According to Artistic Director Joseph Mitchell, the 2018 OzAsia Festival in Adelaide will not only transform audiences’ perspectives on Asia, but also the way they see the nightly news and the limits of art itself.
From the last week of October, approximately 200,000 people will be exposed to over 400 activities, as part of the 12th annual OzAsia Festival, to be presented by the Adelaide Festival Centre.
As usual, the festival has proudly brought an array of works to our shores that have never been seen here before, while simultaneously emphasising the commissioning of new artistic collaborations between Australian and international artists.
This year, there are 20 Australian premieres and 22 events exclusive to South Australia, as Joseph Mitchell explains.
“We are the only major annual arts festival that’s really looking towards Asia and contemporary arts and culture from Asia as part of the fabric and identity of our festival and as a result we end up with a large amount of Australian premieres.”
'Secret Love In Peach Blossom Land'
Premieres include headliners previously announced, such as 'Dancing Grandmothers' and Stan Lai’s 'Secret Love In Peach Blossom Land', as well as ‘While I Was Waiting’ by Syrian playwright Mohammed Al Attar, which will emphasise that there is more to the war-torn Arabic nation than what we are presented on the nightly news.
“It’s a very moving piece of drama that gives us an insight into the everyday people living in Damascus in Syria, who are actually trying to go about their daily lives in the midst of what is a really horrible civil war.”
“What happens here in Australia is we get the news every night about Syria, which is to do with the civil war, with corrupt government regimes, weapons and ISIS and cities getting flattened with bombs but what we don’t get to hear about is the millions of people just trying to live their daily lives: they go to work, the go to the movies, they visit their friends.”
Novelty is not constrained to the new, though.
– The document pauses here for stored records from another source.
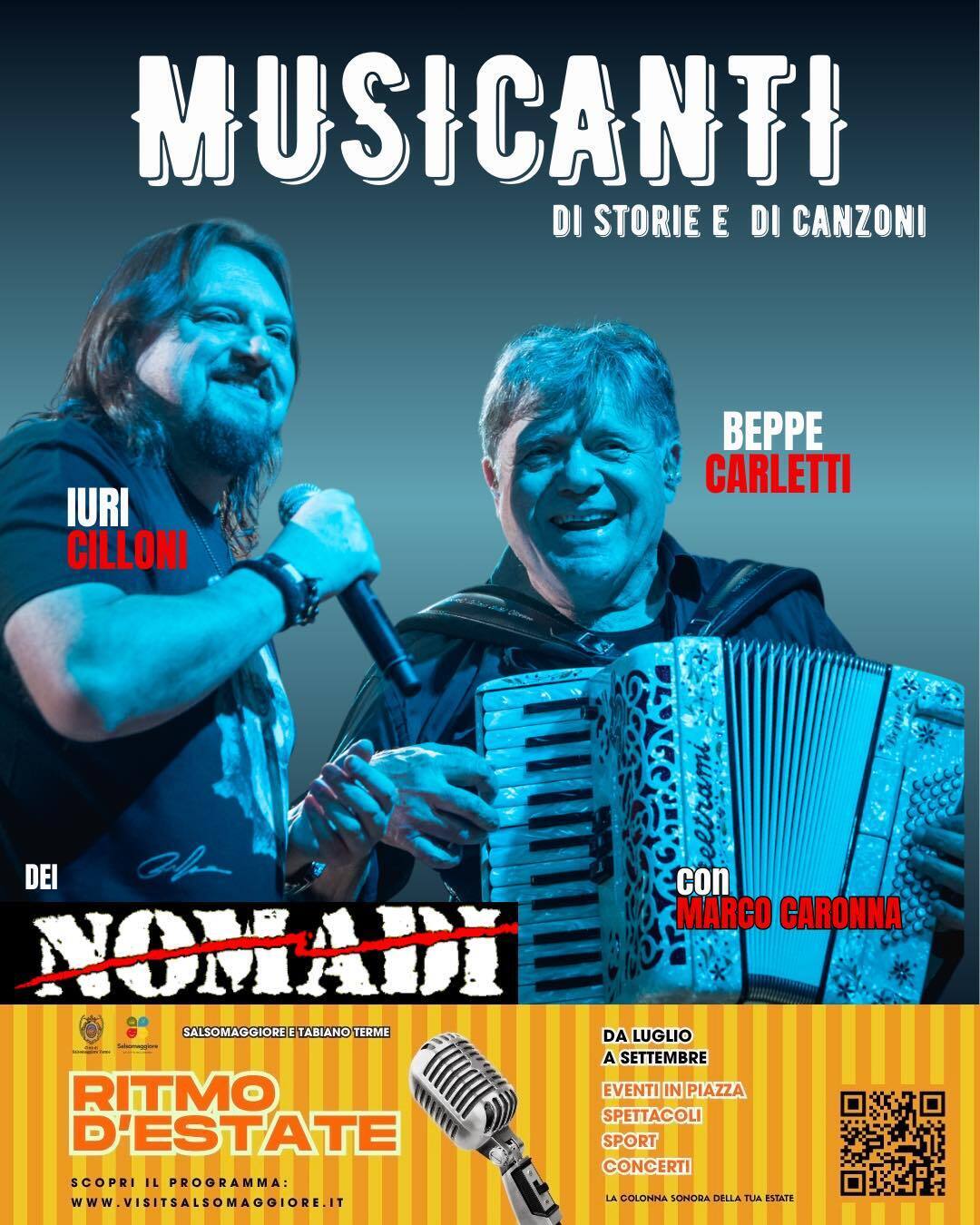 Gran finale per Ritmo d’Estate con “Musicanti”, lo spettacolo che racconta e canta la storia dei Nomadi.Sul palco Beppe Carletti e Iuri Cilloni
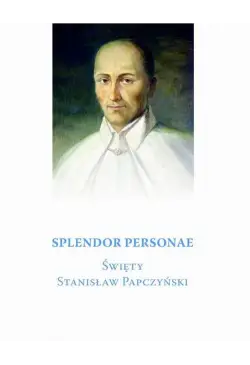 Splendor Personae. Święty...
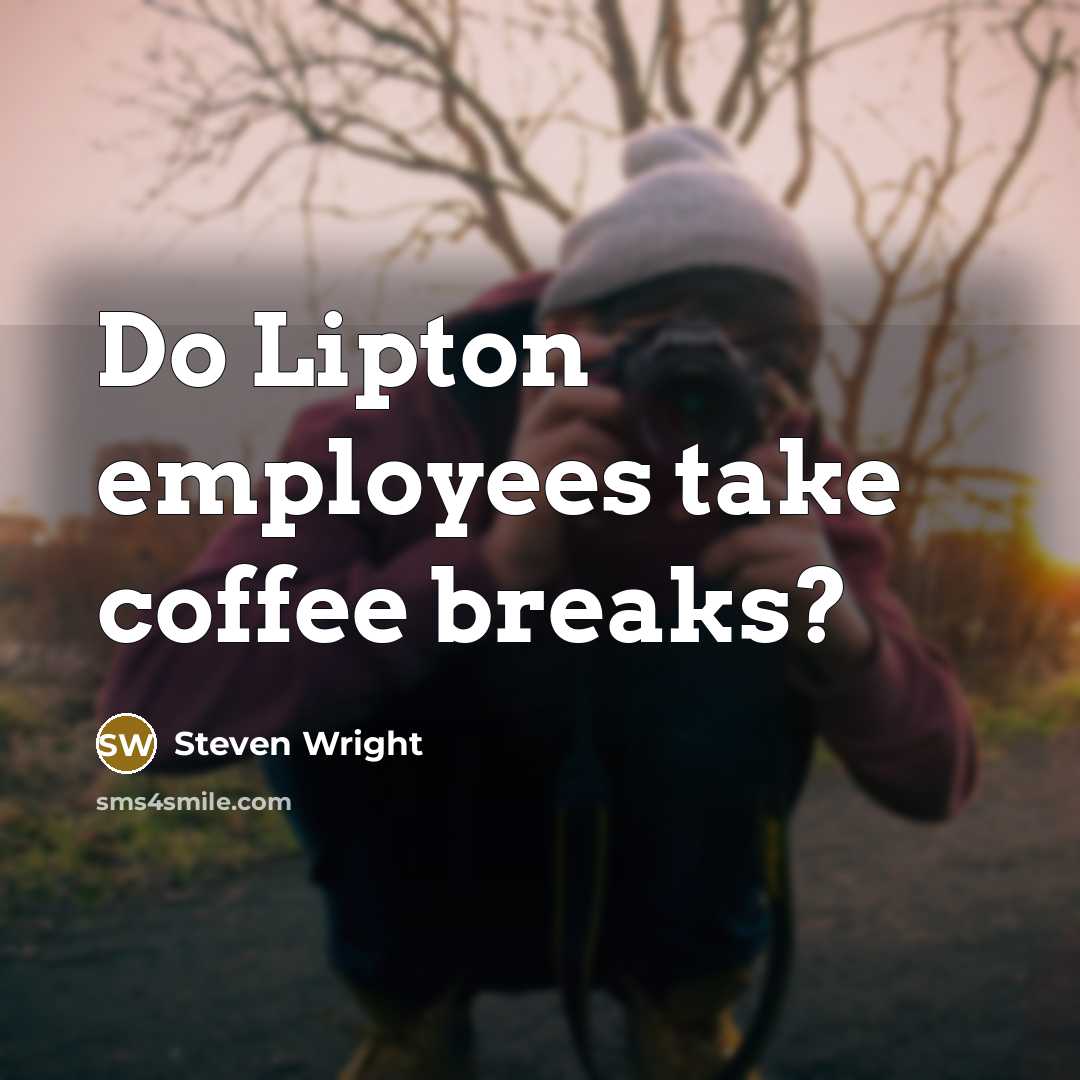 “Do Lipton employees take coffee breaks?” quote by Steven Wright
Dance piece 'Sutra', by Sidi Larbi Cherkaoui with monks from the Shaolin Temple, which returns to Adelaide again after ten years, is an example of OzAsia’s emphasis on testing the limits of conventional art forms, Joseph says.
'Sutra'
“The set contains 20 sculptural boxes which the dancers and acrobats use as a device in the narrative storytelling.”
“The images that they create with what looks like 20 simple boxes actually tells a very large, picaresque adventure story of dreams and exchange of knowledge and hope and a celebration of culture and a whole other range of elements.”
Joseph says that the Latvian Radio Choir’s ‘War Sum Up’, a modern opera with the tag line of music, manga and machine is a work that will show opera sceptics that the art form can be “exciting, edgy, moving and very profound.”
Festival favourites such as the Moon Lantern Festival and the Outdoor Concert Series, which includes Triple J Unearthed winner Sophie Koh, are this year joined by the Jaipur Literature Festival. The event, which will feature over 50 authors, journalists, thinkers and activists, is a literary festival with a difference.
“You’ll see panels, talks and discussions around fiction, non-fiction, health and wellness, sports, particularly – you won’t be surprised but will heavily focus on cricket, and also popular culture with the impact of Bollywood.”
'Close Company' – Image © Daniel Purvis
Works by South Australian artists include choreographer Alison Currie’s dance collaboration with Singapore’s RAW Moves, ‘Close Company’ and ‘Hello My Name Is…’, a one-man performance directed by Paulo Castro.
The contents of the vast programme can be digested while eating at the returning Lucky Dumpling Market or can be viewed online.